PROVIDED RECORDS:
###
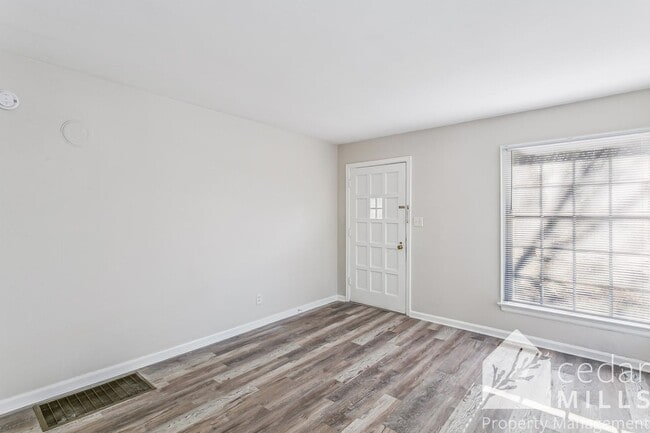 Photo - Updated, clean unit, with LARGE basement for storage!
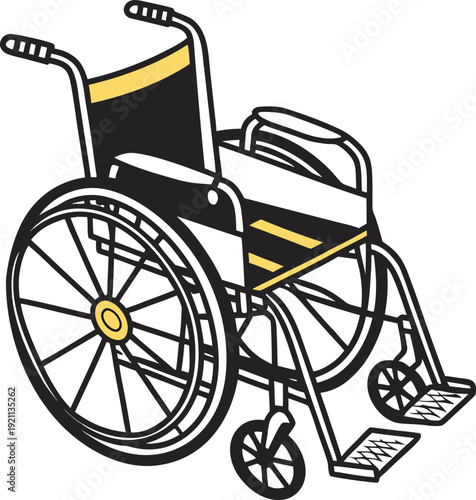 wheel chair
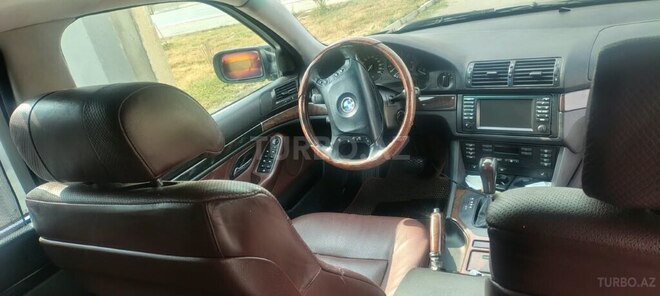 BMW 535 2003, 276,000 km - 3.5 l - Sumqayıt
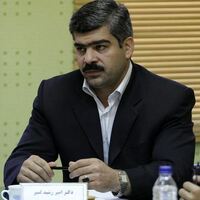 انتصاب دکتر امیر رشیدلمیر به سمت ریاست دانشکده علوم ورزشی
###
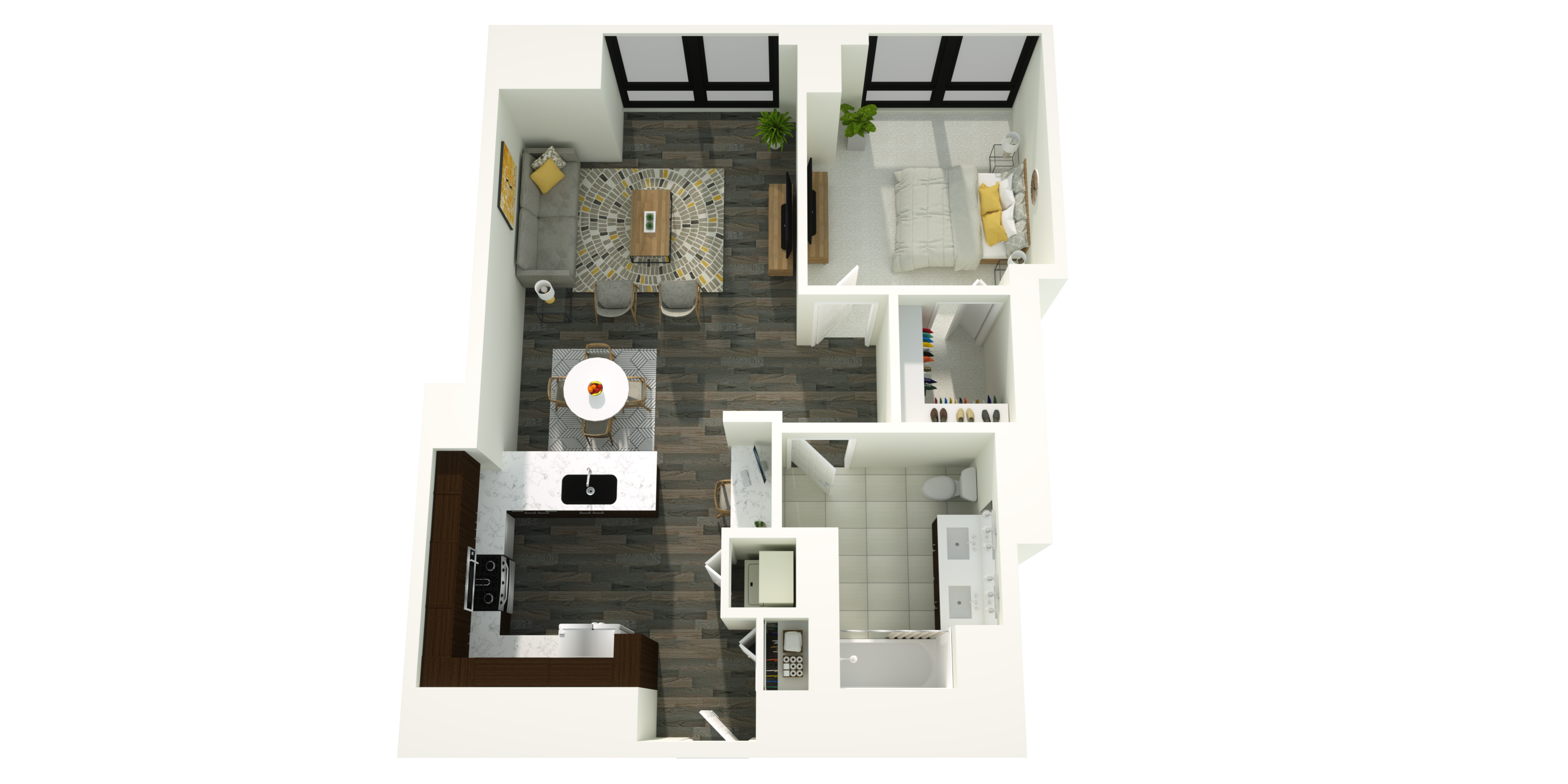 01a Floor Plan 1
###
PROBLEM: With the pictures removed from your copy, retype the lines above from the one that contains "Photo - Updated, clean" through the one that contains "انتصاب دکتر امیر", exactly.

ANSWER FOR THIS EXERCISE:
 Photo - Updated, clean unit, with LARGE basement for storage!
 wheel chair
 BMW 535 2003, 276,000 km - 3.5 l - Sumqayıt
 انتصاب دکتر امیر رشیدلمیر به سمت ریاست دانشکده علوم ورزشی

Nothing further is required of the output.